Just started studying and already confused - not a good sign Just a quick Q: What is the difference between R squared, SSR and SST?
R^2 = [SSR/SST] SSR = Sum of Squares Regression = Explained Sum of Squares SST = Total Sum of Squares = sum ((yi - ybar)^2)
Here is a good description: http://en.wikipedia.org/wiki/Coefficient_of_determination Quick summary: R squared is a measure of goodness of fit. It is defined as the portion of variance of the dependent variable that is explained by the best fit (linear function of dependent variable). R squared = 1-SSR/SST, where SSR = residual sum of squares, SST = total sum of squares.
I used SSR as Sum of squares regression - which was wrong. Maratikus is right… it is sum of squares residual…

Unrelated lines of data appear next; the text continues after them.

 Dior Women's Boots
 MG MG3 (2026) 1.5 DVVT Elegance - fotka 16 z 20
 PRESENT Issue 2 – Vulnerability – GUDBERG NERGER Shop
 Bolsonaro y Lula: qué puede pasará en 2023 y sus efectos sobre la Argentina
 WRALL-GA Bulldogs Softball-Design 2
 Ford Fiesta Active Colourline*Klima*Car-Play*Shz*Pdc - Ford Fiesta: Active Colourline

Should have been more clear, I am not looking for mathematical forumulae I am want to understand conceptually what the differences are. So R squared in the variation in the dependant explained by the independant. But that is the same definition for SSR?
R^2 - the percent of variation in the dependent var explained by the indpendents vars SSR - ?? RSS - the total amount (rather than percent) of variation in the dependent var explained by the independent vars SSE - the total amount of variation in the dependent var unexplained by the independent vars SST - The total amount of variation in the dependent var (explained and unexplained) Therefore it should make sense that R^2 = RSS / SST
SSR and RSS are the same thing I think (need to check notes), other than that, that’s exatly what I was looking for marty3. THANKS a lot.

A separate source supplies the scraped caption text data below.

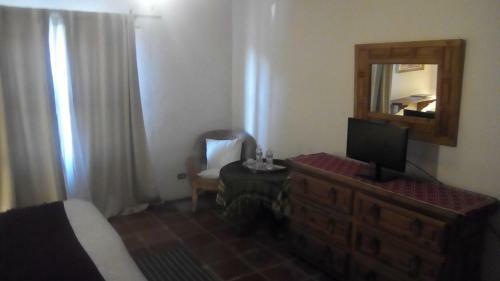 Hostal Casa Erendira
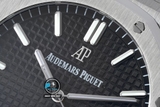 NEW 2022 / IP FACTORY BEST 1:1 / AP ROYAL OAK 15500ST 41MM CAL.4302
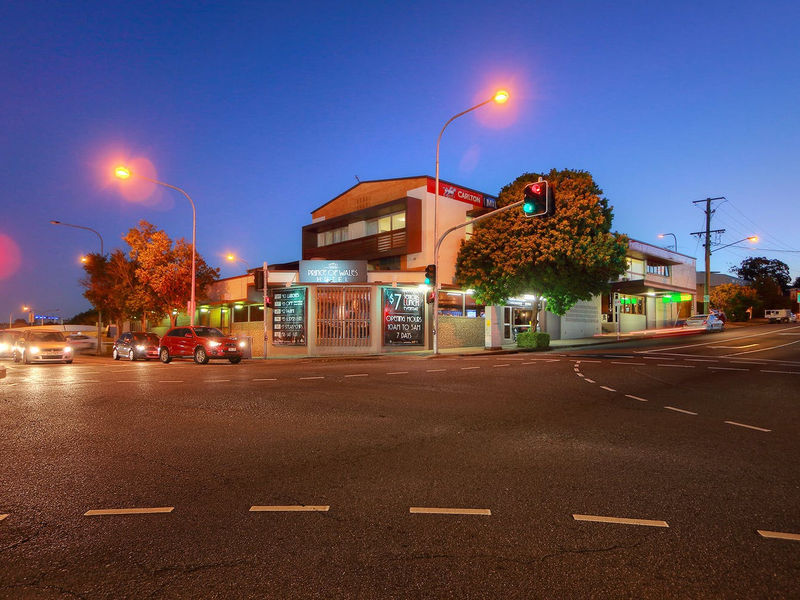 Prince of Wales Hotel image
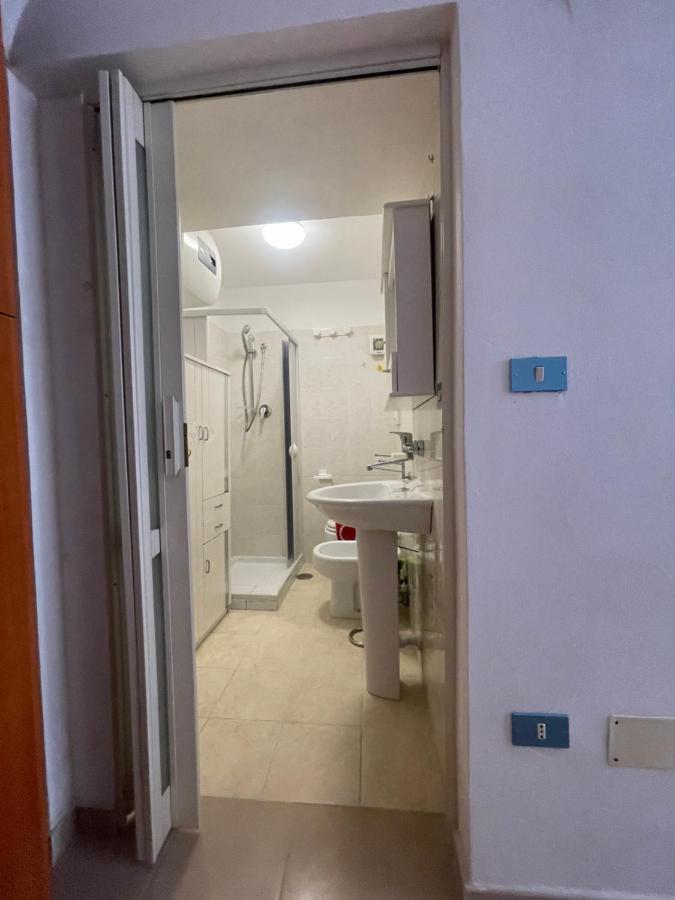 Dimora Nel Borgo Διαμέρισμα Βιέστε Εξωτερικό φωτογραφία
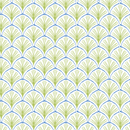 Laura Ashley Dune High Beach Chair in Palmetto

cpk123 Wrote: ------------------------------------------------------- > I used SSR as Sum of squares regression - which > was wrong. Maratikus is right… it is sum of > squares residual… cpk, both of us are correct. If SSR is the sum of squares regression, then we get your formula R squared = SSR/SST (which is correct) if SSR is teh sum of squares residuals, then R squared = 1-SSR/SST (which is also correct).

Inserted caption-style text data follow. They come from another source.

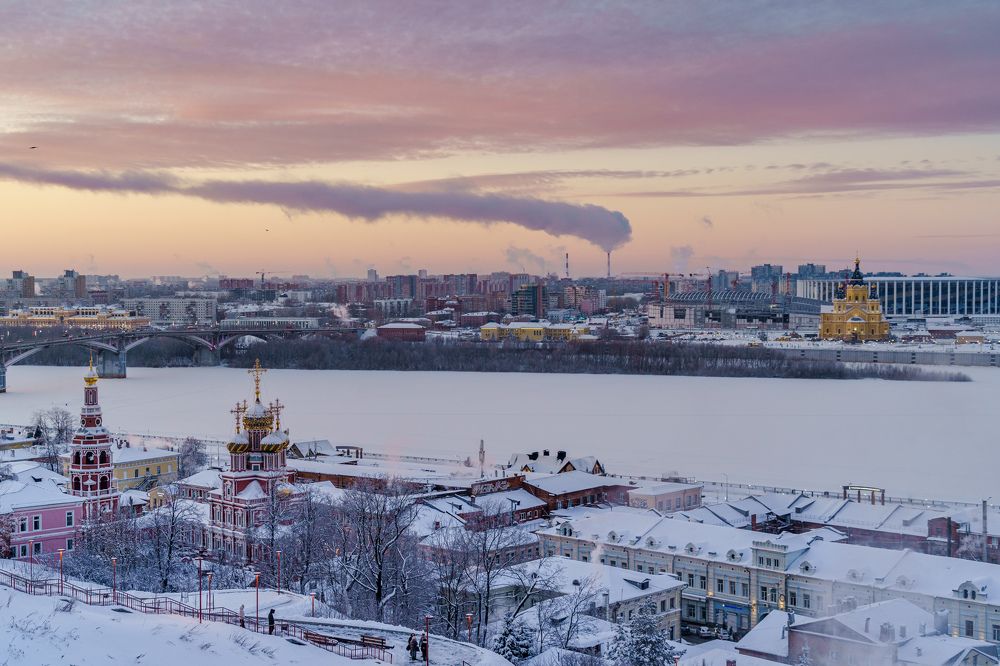 Photograph by Мурзенко Игорь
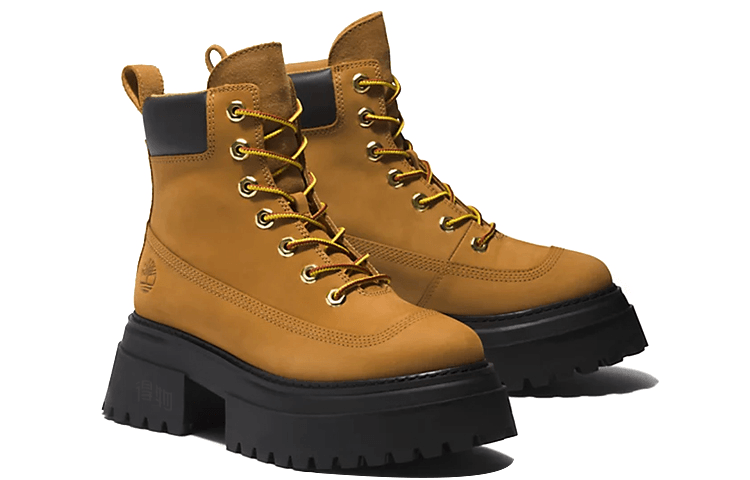 Timberland Sky 6 Inch — фото 3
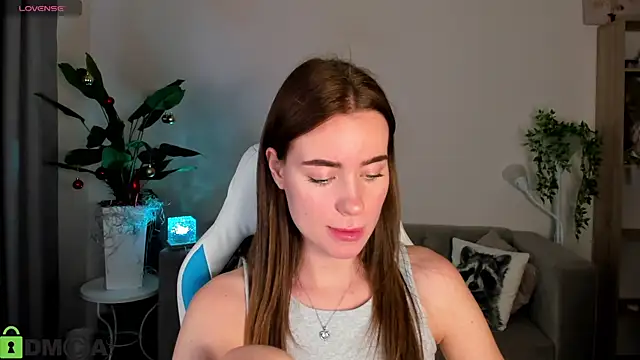 Ameli Povilain online show from 12/19/25, 06:27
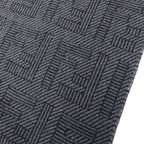 Fendi Scarf Gray — view 5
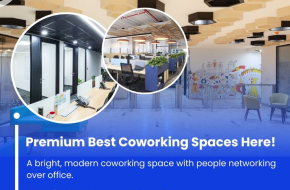 Premium Office Space for Rent in Bangalore – Ready-to-Move Managed & Coworking Hubs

I agree with marty3. Also just a note, I don’t recall (at least not in Schwesser) seeing the acronym SSR, unless your referring to the Sum of Squared Error/Residual, which uses the acronym SSE and not SSR. RSS is the sum of square regressions.
Those are the acronyms they are refering to… SSR/RSS - Sum of Square Regression SSE - Sum of squared Error/Residual TSS - Total Sum of Squares RSS+SSE=TSS
R^2 is RSS/SST…but do we want a high or low R^2? RSS = explained variation SSE = unexplained variation SST = total variation I’m pretty sure we want a high R^2, is that correct?
A high R^2 indicates that the independent variable would explain a larger portion of the dependent variable than the error term does. or rather that: b1*(X) would comprise a larger portion of Y than e would in the equation Y=b1*(X) + e So, yes you would want a high R^2 when creating a regression equation.
ebwana mambovipi ? niaje? mtu wa wapi wewe? Kenya? TZ? au?
I think I’m having a headache again! haha.